RIGA, Latvia -- Not only can music enthusiasts in the Baltic states buy boatloads of pirated tunes on the streets, they pay taxes on the prohibited material.

And the governments of these former Soviet republics are doing nothing to stamp out piracy of intellectual property. In fact, they profit from it by imposing taxes on them, says Elita Milgrave, chairwoman of the Latvian Music Producers Association. By turning a blind eye to piracy, these governments could hold back the region as it tries to integrate into the economies of the developed world, particularly the European Union.

"The biggest problem in relation to piracy and the EU enlargement in new accession countries, and generally in Eastern Europe, is weak borders," said Raili Maripuu, regional expert for Eastern Europe's International Federation of the Phonographic Industry. "The new external border will be shared with Russia, Ukraine and Belarus, all three of which are notorious source or transit countries of pirate material."

Maripuu added that while the whole EU external border "needs a considerable improvement to make it watertight," the situation is the worst in the Baltics.

A report released in June by IFPI estimated the level of music piracy in Lithuania at 85 percent, with losses to the industry calculated at 12 million euros. The report also gauged the amount of piracy in the country's Baltic neighbors, Latvia and Estonia, at 65 percent and 60 percent, respectively. In comparison, the study found that Hungary, another country set to accede to the EU in spring, faced less severe copyright infringement at about 30 percent.

Western Europe is watching closely as eight Eastern European countries -- the Czech Republic, Estonia, Latvia, Lithuania, Hungary, Poland, Slovenia and Slovakia -- plus Cyprus and Malta, try to join the EU. The established countries want strict incorporation of EU directives on copyright protection written into the Eastern countries' national legislation.

Francisco Mingorance, European public policy director at the Business Software Alliance, believes that enlargement of the EU will have a serious impact on levels of pirated goods circulating in the bloc.

"The level of piracy in the software industry is about 35 percent in current EU member states and in Eastern Europe the piracy rates are generally twice as high," he said.

Mingorance noted that many software producers hope that the European Parliament will approve a new proposal for a broad enforcement directive on copyright protection. But Mingorance also admits that some Eastern European countries will have to beef up their efforts to catch copyright criminals.

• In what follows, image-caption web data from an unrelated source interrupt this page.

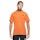 Nike Dri-FIT Solar Chase Trail T-shirt Herr Orange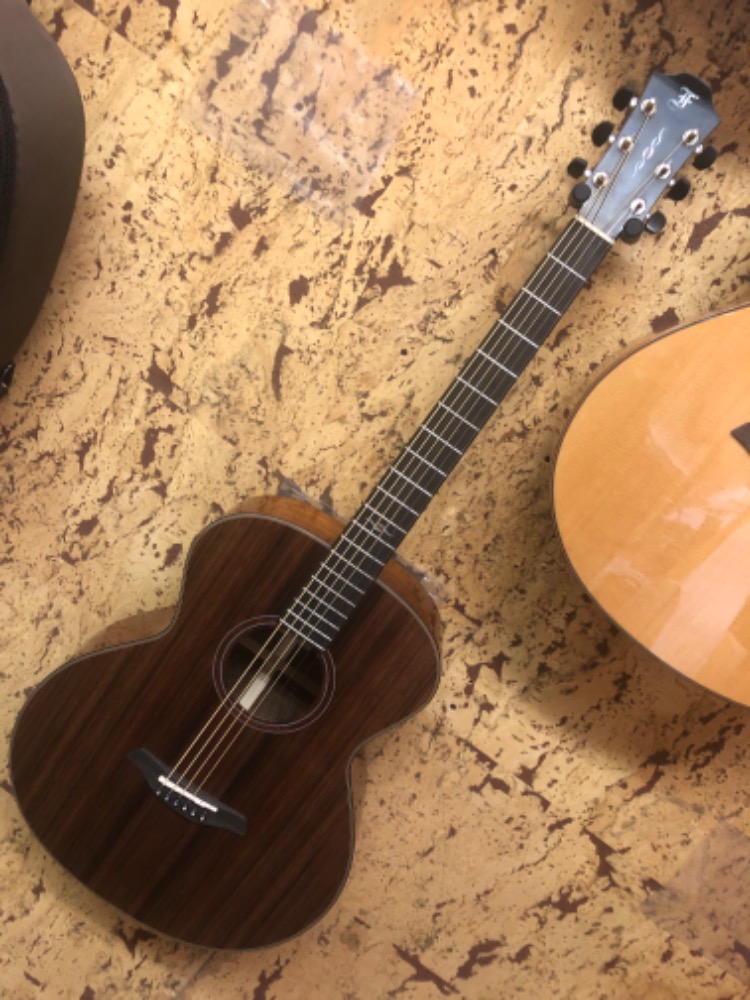 Furch BARITONE Rainbow
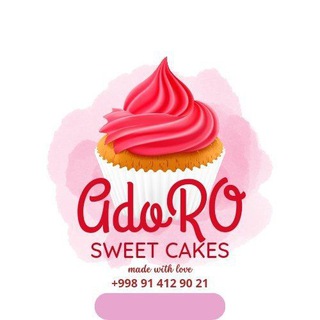 AdoRO 🎂 Sweet cakes 🎂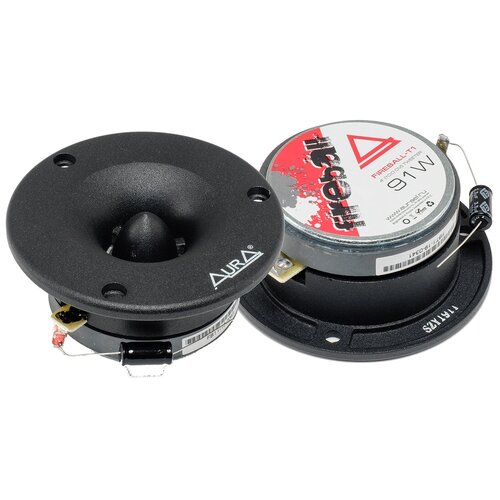 Автоакустика AurA Fireball-T1 169000₽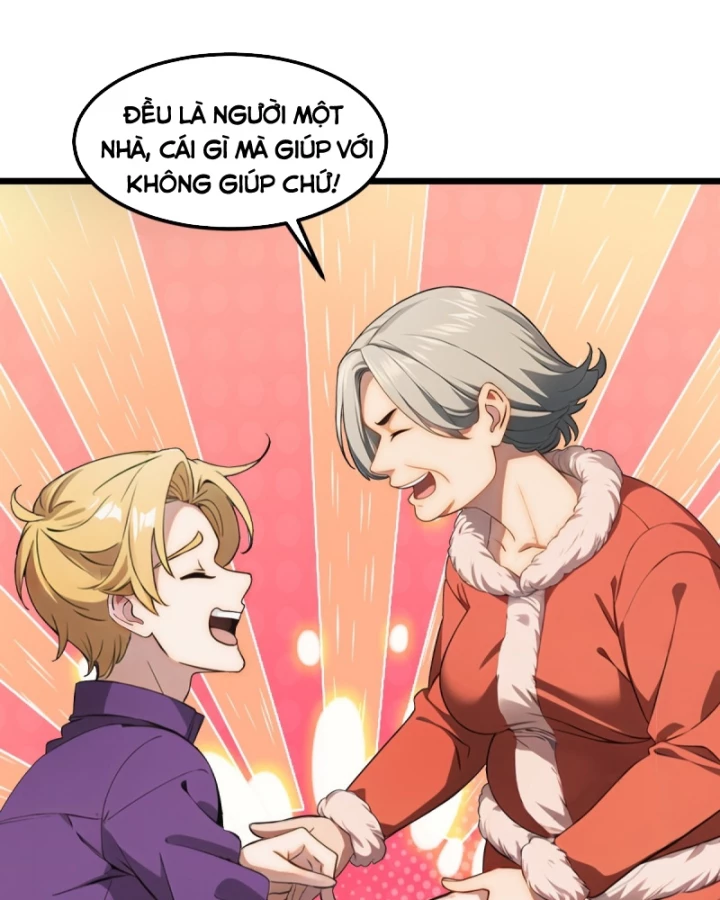 Thần Long Đi Trốn, Xui Xẻo Gặp Nữ Đế Đi Theo Giúp Ta Chăn Heo Chapter 39 - Next Chapter 40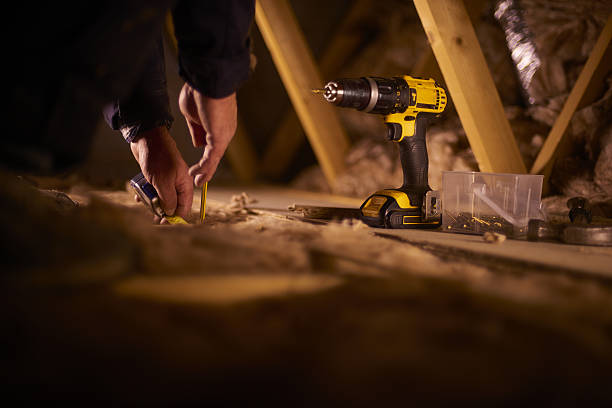 Best Residential Insulation in Milwaukee, WI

Enforcers of copyright protection in the Baltics face an uphill battle, said Romans Baumanis, the region's representative to the Coalition for Intellectual Property Rights, which has helped coordinate a local lobbying effort for fiercer implementation and interpretation of related legislation.

A person suspected of violating copyright law in Latvia is assumed innocent until proven guilty, placing the burden of proof on the prosecutors, according to Baumanis, who also works as vice president and managing director of the PBN Company in the Baltics. He said that in other nearby countries, such as Sweden, the problem has been judged as serious enough to make an exception and shift this responsibility in cases of copyright and trademark infringement.

Milgrave noted that such cases are currently very expensive to pursue because Latvian law enforcers must provide expert evidence in court on every disk of a suspected illegal goods -- regardless of the number of disks involved in the case.

So far, the Baltics have produced mixed results. Although Latvia and Lithuania have ratified two recent treaties from the World Intellectual Property Organization that cover the electronic distribution of copyrighted works and performance, Estonia lags behind.

"The Internet is global, so it's essential to have treaties which establish the minimum level of protection on a global basis," said Jorgen Blomqvist, director of the copyright law division at the World Intellectual Property Organization in Switzerland.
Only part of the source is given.